To sum up, we feel like we’re in a leaky little boat and we just ate Roger the cabin boy, but there is no land in sight.

…and there may not be for a while. Still, idylls of cannibalism and exposure are a bit extreme. After all, the free market will inevitably pull out a sextant and make for dry land, right?

Like John Carter of Mars always said when he was being pursued by some flesh-eating plants and headless Kaldanes…”I still live!” Even if there won’t be any postal delivery on Saturdays any more.

So yeah, in answer to many emails and IMs and PMs and so on, it has been a shaky week here at Stately Beat Manor, not because of anything that happened to me personally, but just the general gloom and doom. But this too shall pass.

In the spirit of survival, struggle, Barsoom references and giant apes, here’s a painting of John Carter of Mars by Boris Vallejo and Julie Bell. Because nothing says hope like half-naked people fighting.

John Carter- Bill

8 COMMENTS

  1. Another survivor ignobly thrown off the lifeboat, Realms of Fantasy is folding, last issue will be April. Thet were a wonderful venue for fantasy writers & artists and they always paid on time and they always let you try out stylistic experiments and they even ran full page B&W illos in every issue.

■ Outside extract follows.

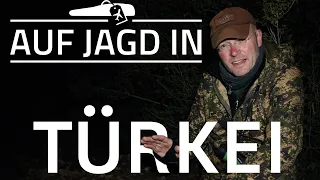 Auf Jagd in: Alte Bassen in der Türkei | JÄGER auf Sauen in den Bergen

  2. Another survivor ignobly thrown off the lifeboat, Realms of Fantasy is folding, last issue will be April. They were a wonderful venue for fantasy writers & artists and they always paid on time and they always let you try out stylistic experiments and they even ran full page B&W illos in every issue.

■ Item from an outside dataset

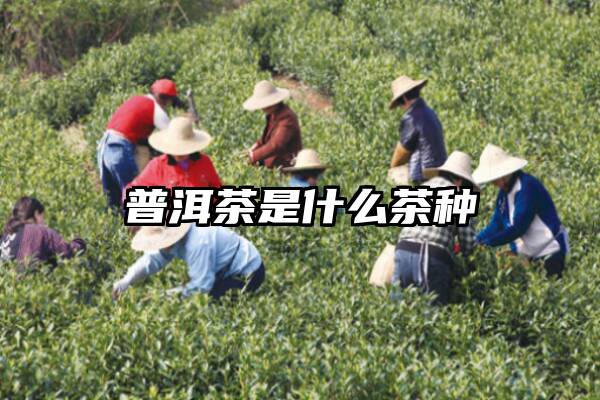 普洱茶是什么茶种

  3. Not just half-naked people fighting, half-naked people fighting FOUR-ARMED GORILLAS. It’s that last, crucial element that creates the hope.

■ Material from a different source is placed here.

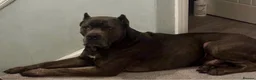 Cane Corso dogs for sale: Beautiful cane corso puppies.  in Liverpool - Advert 5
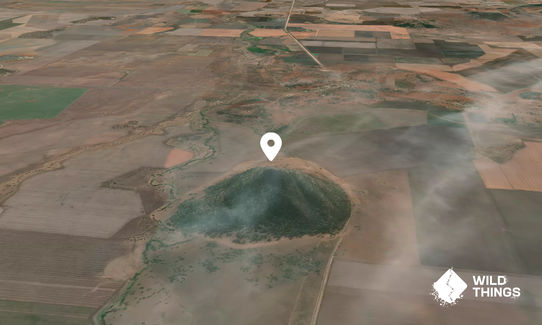 Mullaley Mountain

  4. Man, those Bellejo paintings are unappealing. The poses of the people are so posed and static, and there doesn’t seem to ever be any interaction between the characters. It’s as if each thing was created (photographed) independently of the other and then “pasted” together. There is never a feeling like it’s one unified scene. Why are the people always so shiny, almost as if they are manufactured? Remember when there were all those airbrush paintings that people were putting on the side of their vans? This feels the same way, like something left over from 1972.

  5. The man is supposed to walk on the OUTSIDE of the sidewalk, ladies on the inside!